TEMPO Interaktif, Damaskus - Sebanyak 10.224 jiwa, termasuk lebih dari 5.000 anak-anak di Suriah, telah mengungsi ke Turki. Lebih dari seratusan lainnya kemarin berbondong-bondong menuju Libanon. Lantaran itu, Presiden Suriah Bashar al-Assad mengerahkan pasukan dan kendaraan lapis baja ke dua wilayah perbatasan itu. Warga kian deras mengungsi setelah mendengar kabar adanya sejumlah aktivis yang tewas pada Jumat pekan lalu.

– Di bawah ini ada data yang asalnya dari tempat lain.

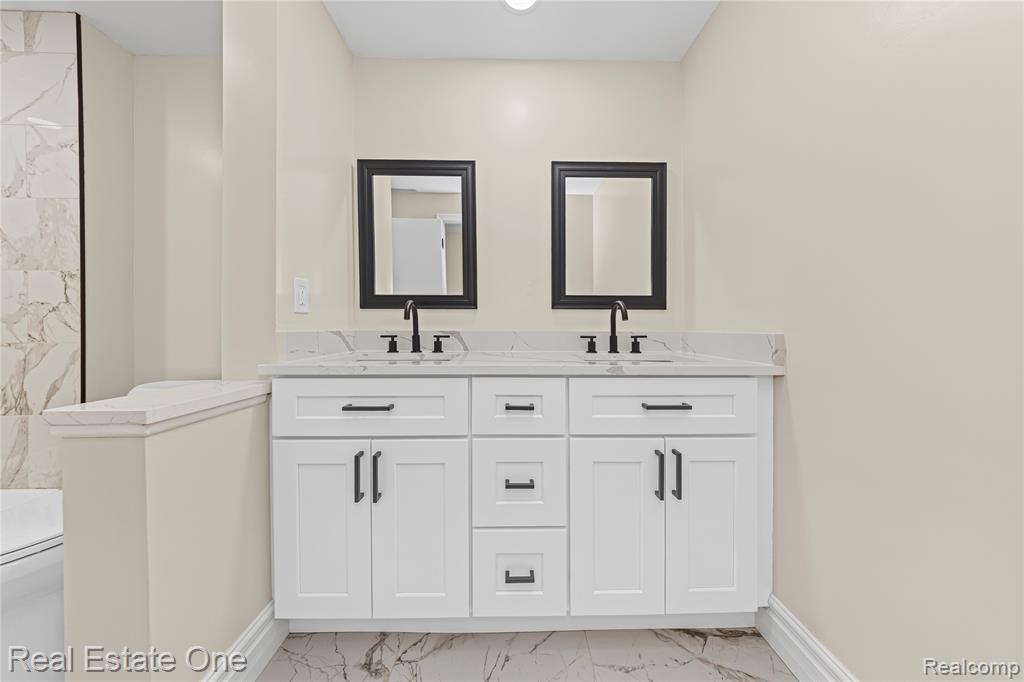6027 Pebble Lane Court, West Bloomfield, MI — Photo 38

"Tentara memakai gas air mata untuk membubarkan unjuk rasa," ujar Mohammed Sliman, seorang aktivis yang ikut unjuk rasa menentang pemerintah di Kiswah. "Setelah itu, tentara menembaki kami." Aktivis lainnya mengklaim ada sekitar lima orang yang tewas dalam unjuk rasa di Barzeh yang bertetangga dengan Damaskus. Namun, pemerintah menuding pelakunya adalah kelompok bersenjata.
"Aksi kelompok bersenjata itu juga telah melukai aparat keamanan," demikian lansir jaringan televisi pemerintah seperti dikutip Independent. Namun, laporan ini sulit diverifikasi karena Pemerintah Suriah melarang wartawan masuk. "Pemerintah telah menawarkan perundingan damai," kata Menteri Luar Negeri Walid Moallem beralasan. Ia menuding ada pihak-pihak tertentu di Barat yang sengaja hendak memperkeruh suasana di dalam negeri.

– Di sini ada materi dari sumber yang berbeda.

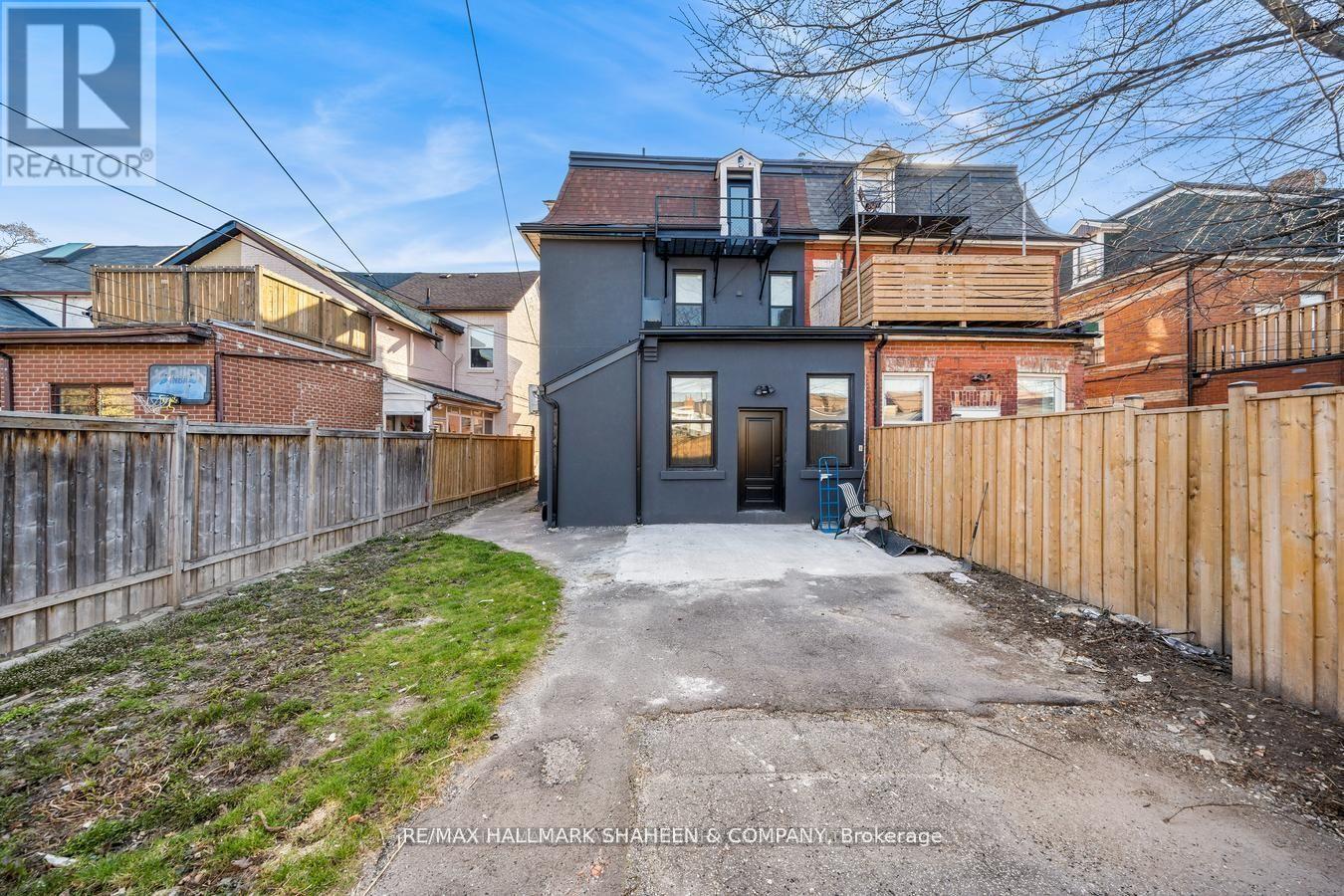 Studio - 208 Dovercourt Road Property Photo 16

Menanggapi hal itu, lebih dari 200 tokoh oposisi dan intelektual dijadwalkan bertemu dengan Presiden Assad hari ini. Mereka berencana membahas masa transisi demokrasi secara damai di Suriah. "Kami berharap reformasi dan perdamaian segera terwujud di Suriah," kata Menteri Luar Negeri Turki Ahmet Davutoglu. Di tengah rencana pertemuan itu, muncul spekulasi Hizbullah mulai memindahkan misil-misilnya dari Suriah ke Libanon.